### HOW TO COMPLETE THIS TASK
Omit the pictures and extract only the lines from the line containing "Figurine Collector DBZ Trunks du Futur" to the end of the material, each exactly as written.

### SUPPLIED MATERIAL
----

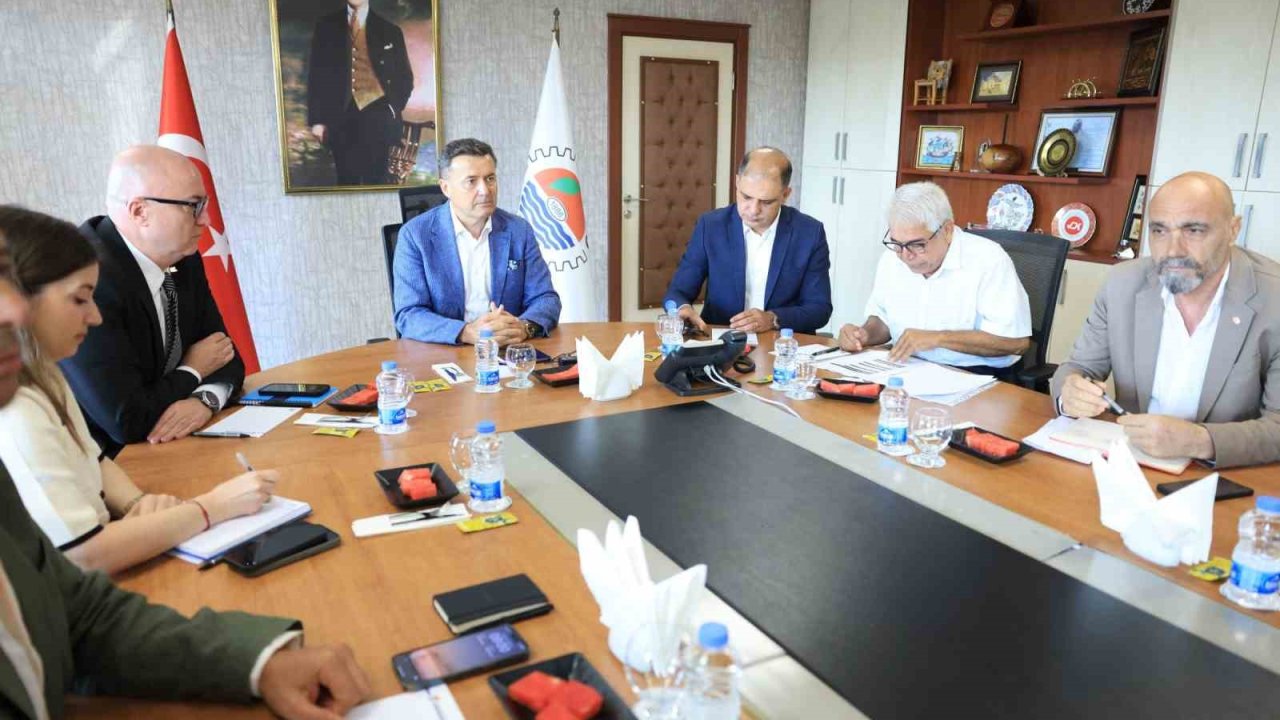 Çakır: "Mersin Limanında hedef, herkesin kazandığı bir yapı kurmak"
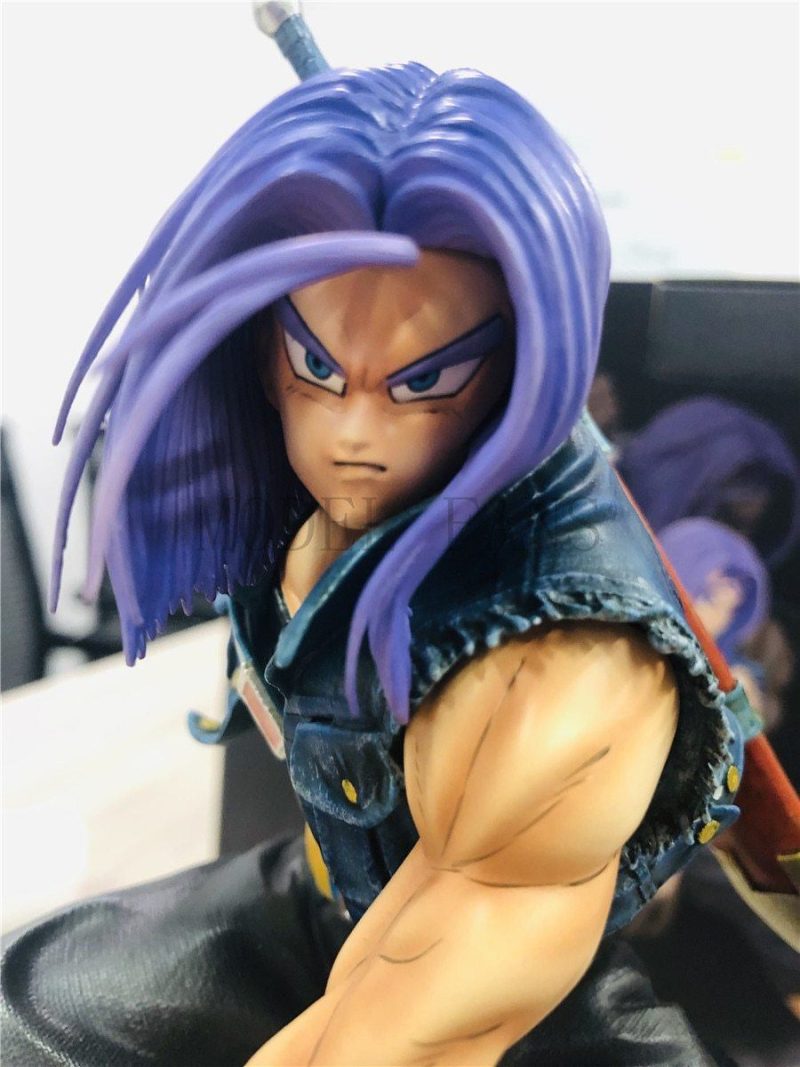 Figurine Collector DBZ Trunks du Futur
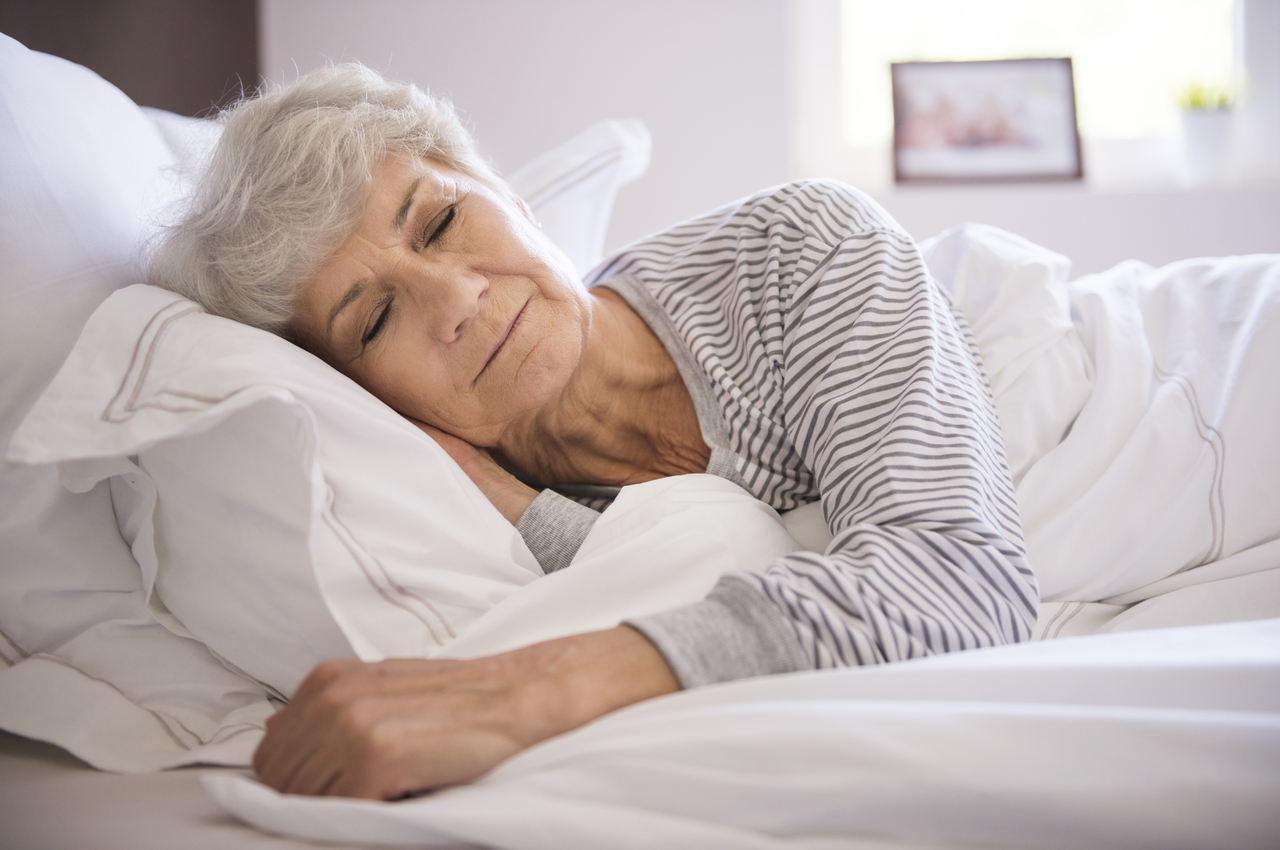 Una mujer mayor durmiendo apaciblemente.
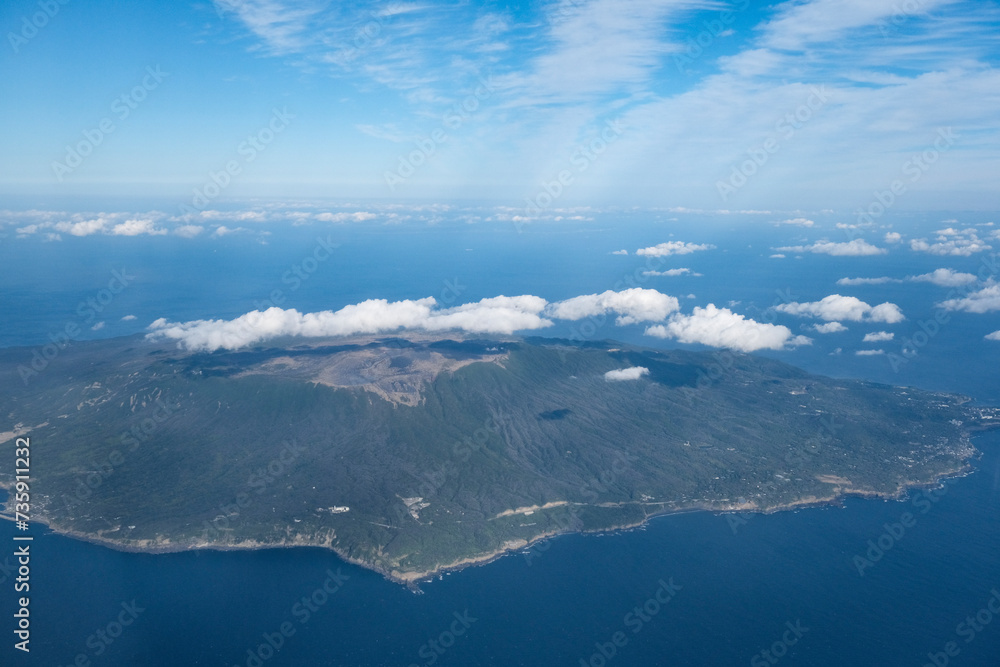 伊豆大島を上空から眺める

----

### TASK ANSWER
 Figurine Collector DBZ Trunks du Futur
 Una mujer mayor durmiendo apaciblemente.
 伊豆大島を上空から眺める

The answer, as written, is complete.